Thank you for confirming repro with CPU plug-in. Just to confirm that I had to slightly modify object_detection_demo_ssd_async as you suggested. I am sorry I forgot to mention that. This enabled to load and run tiny YOLO on the GPU device without any issues.

Same code however, fails on CPU. One workaround would be to edit the generated xml and remove "output/YoloRegion" .

                <layer id="28" name="output/YoloRegion" precision="FP32" type="RegionYolo">
                        <data axis="1" classes="20" coords="4" do_softmax="1" end_axis="3" num="3"/>
                        <input>
                                <port id="0">
                                        <dim>1</dim>
                                        <dim>30</dim>
                                        <dim>26</dim>
                                        <dim>26</dim>
                                </port>
                        </input>
                        <output>
                                <port id="1">
                                        <dim>1</dim>
                                        <dim>20280</dim>
                                </port>
                        </output>
                </layer>

and also the edge

                <edge from-layer="27" from-port="3" to-layer="28" to-port="0"/>

Then we can run fine on CPU too but need to implement YoloRegion separately.

In a future SDK release it would be nice to have a new python or C++ sample application that demonstrates end-to-end YOLO detection. Something like a new object_detection_demo_yolo_async would be nice.

Severine_H_Intel · ‎09-19-2018

Hi Nikos,

I analyzed tiny-yolo output and I realize it is not adapted for the sample. The sample expects a vector of dimension 4 output while tiny-yolo output is of dimension 2. Compiling the samples in Debug mode makes this issue more apparent as it will crash for both CPU and GPU.

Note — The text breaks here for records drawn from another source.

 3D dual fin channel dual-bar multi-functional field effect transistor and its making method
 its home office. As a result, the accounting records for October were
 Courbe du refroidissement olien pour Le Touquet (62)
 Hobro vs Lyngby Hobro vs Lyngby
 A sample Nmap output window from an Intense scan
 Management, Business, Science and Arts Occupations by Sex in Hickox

In Release mode, it has unexpected behavior and does not crash even when you call a vector out of its range. This is what we were experimenting in CPU and GPU ( in my case, GPU is working half the time).

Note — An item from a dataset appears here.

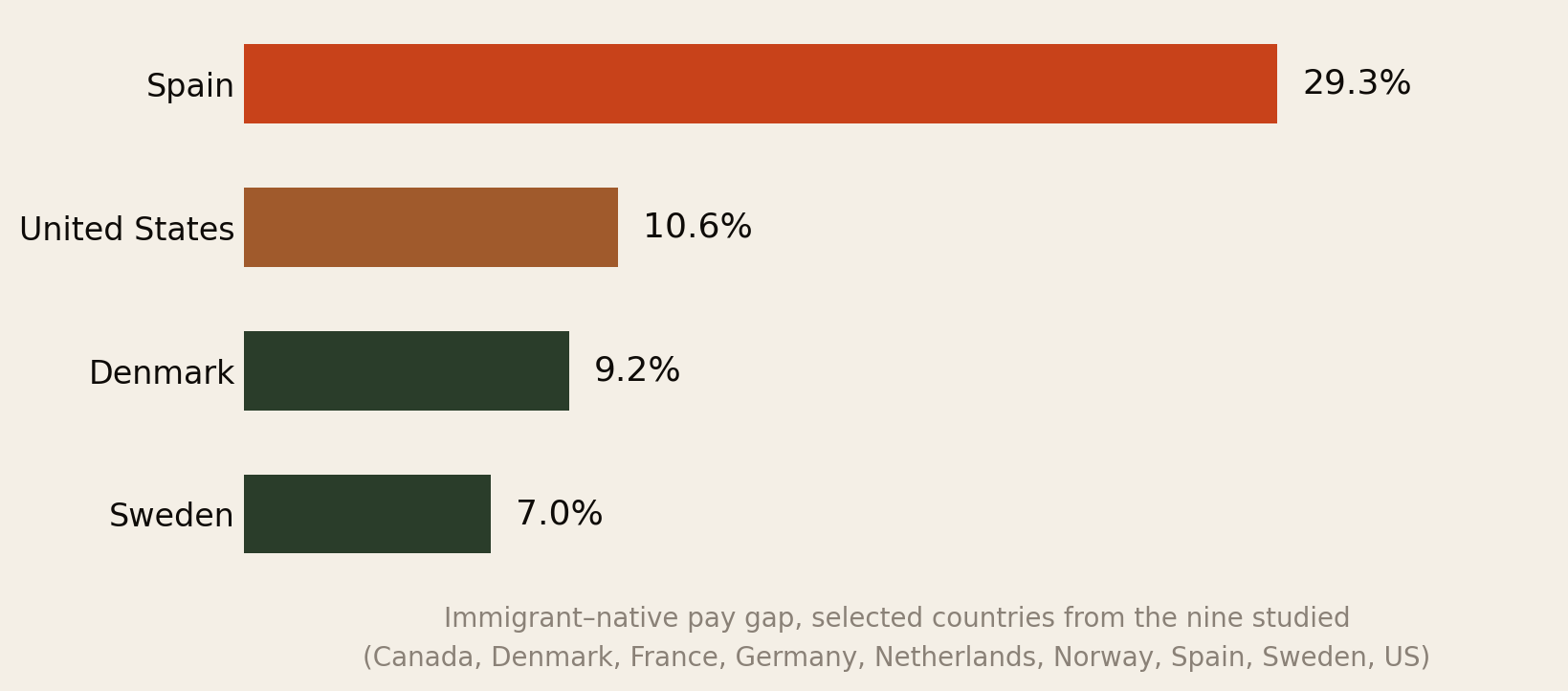 Bar chart of the immigrant-native pay gap by country: Spain 29.3 percent, United States 10.6 percent, Denmark 9.2 percent, Sweden 7.0 percent.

The issue is not the model, but the sample that is not adapted and the output reading that needs to be changed.

Best,

Severine

Kamarol__Amalina1 · ‎09-25-2018

Nikos wrote:

Hi Severine,

Thank you for confirming repro with CPU plug-in. Just to confirm that I had to slightly modify object_detection_demo_ssd_async as you suggested. I am sorry I forgot to mention that. This enabled to load and run tiny YOLO on the GPU device without any issues.

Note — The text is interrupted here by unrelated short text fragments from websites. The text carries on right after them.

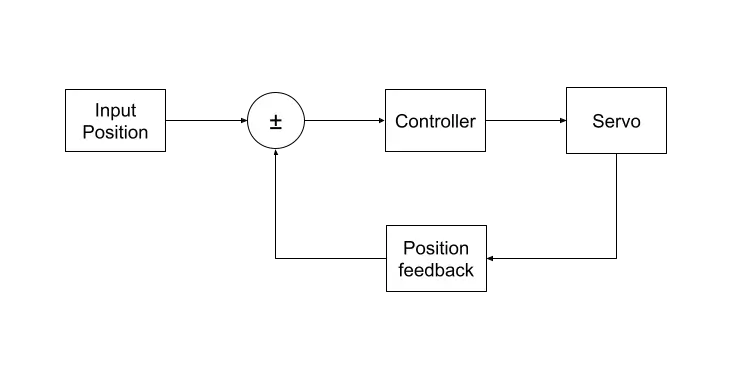 Simple control loop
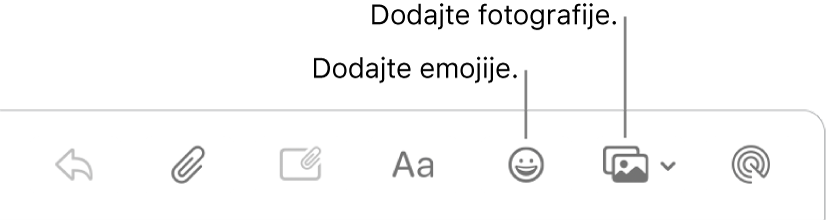 Prozor za sastavljanje koji prikazuje tipke za emojije i fotografije.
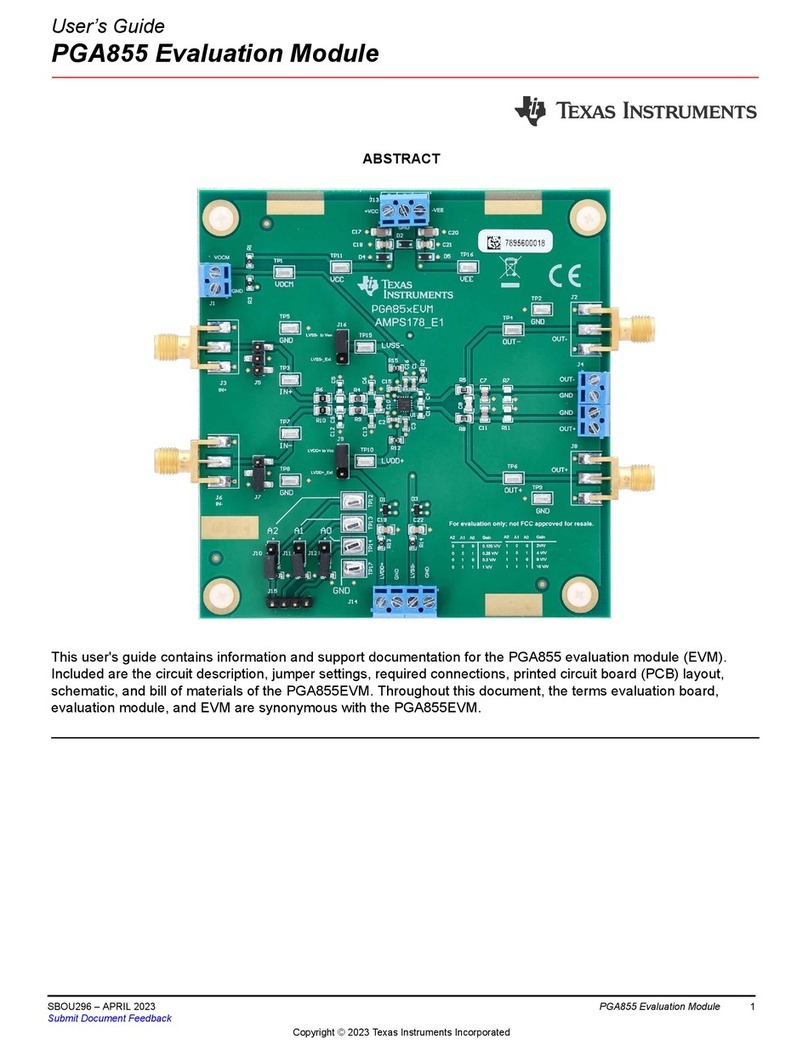 Texas Instruments PGA855 User manual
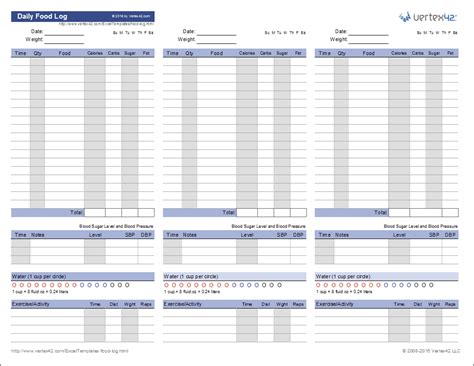 Food Log Template | Printable Daily Food Log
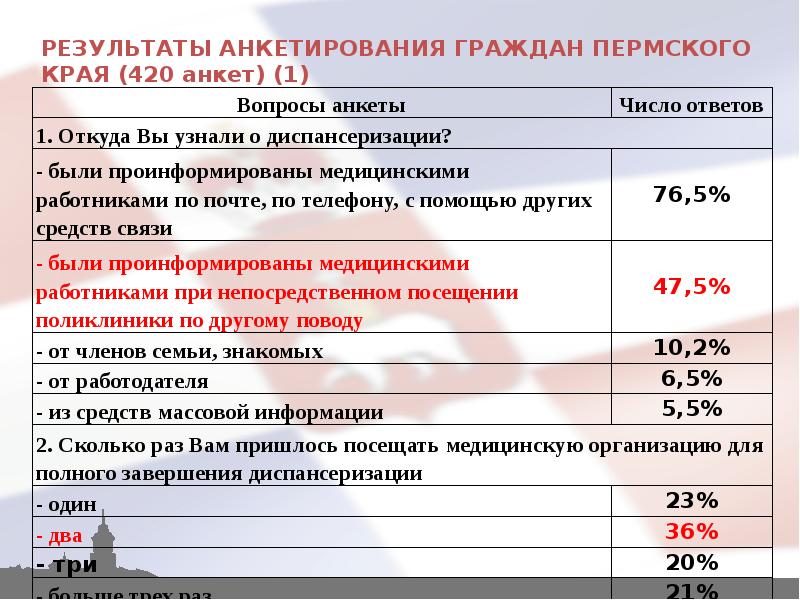 Проведение опросов граждан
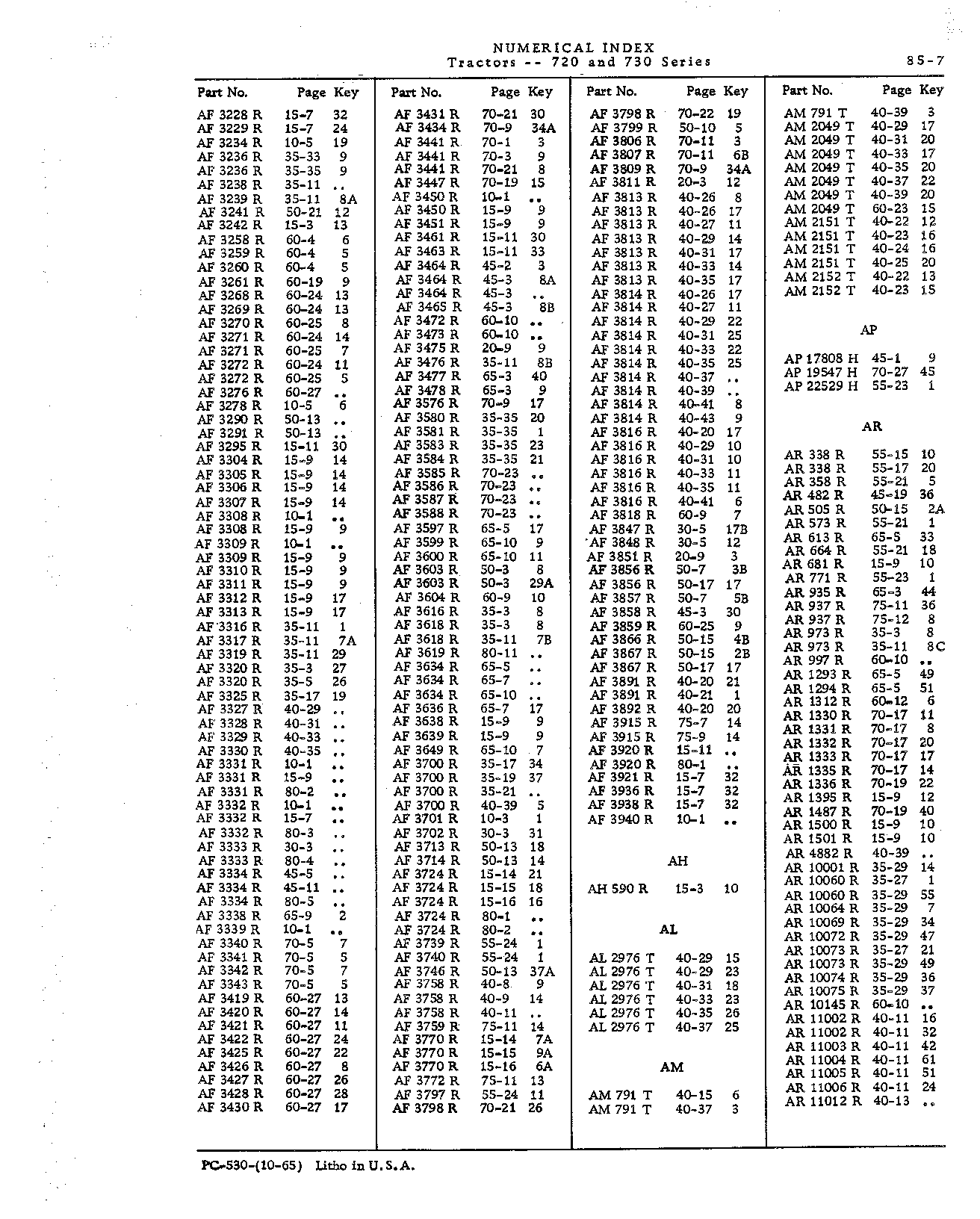 Numerical Index (Continued)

Same code however, fails on CPU. One workaround would be to edit the generated xml and remove "output/YoloRegion" .
                <layer id="28" name="output/YoloRegion" precision="FP32" type="RegionYolo">
                        <data axis="1" classes="20" coords="4" do_softmax="1" end_axis="3" num="3"/>
                        <input>
                                <port id="0">
                                        <dim>1</dim>
                                        <dim>30</dim>
                                        <dim>26</dim>
                                        <dim>26</dim>
                                </port>
                        </input>
                        <output>
                                <port id="1">
                                        <dim>1</dim>
                                        <dim>20280</dim>
                                </port>
                        </output>
                </layer>
and also the edge
                <edge from-layer="27" from-port="3" to-layer="28" to-port="0"/>
Then we can run fine on CPU too but need to implement YoloRegion separately.

In a future SDK release it would be nice to have a new python or C++ sample application that demonstrates end-to-end YOLO detection. Something like a new object_detection_demo_yolo_async would be nice.

Hi Nikos, do you mind sharing the modified cpp code that you modified? I have been trying but I still have a problem reading the output from yolo.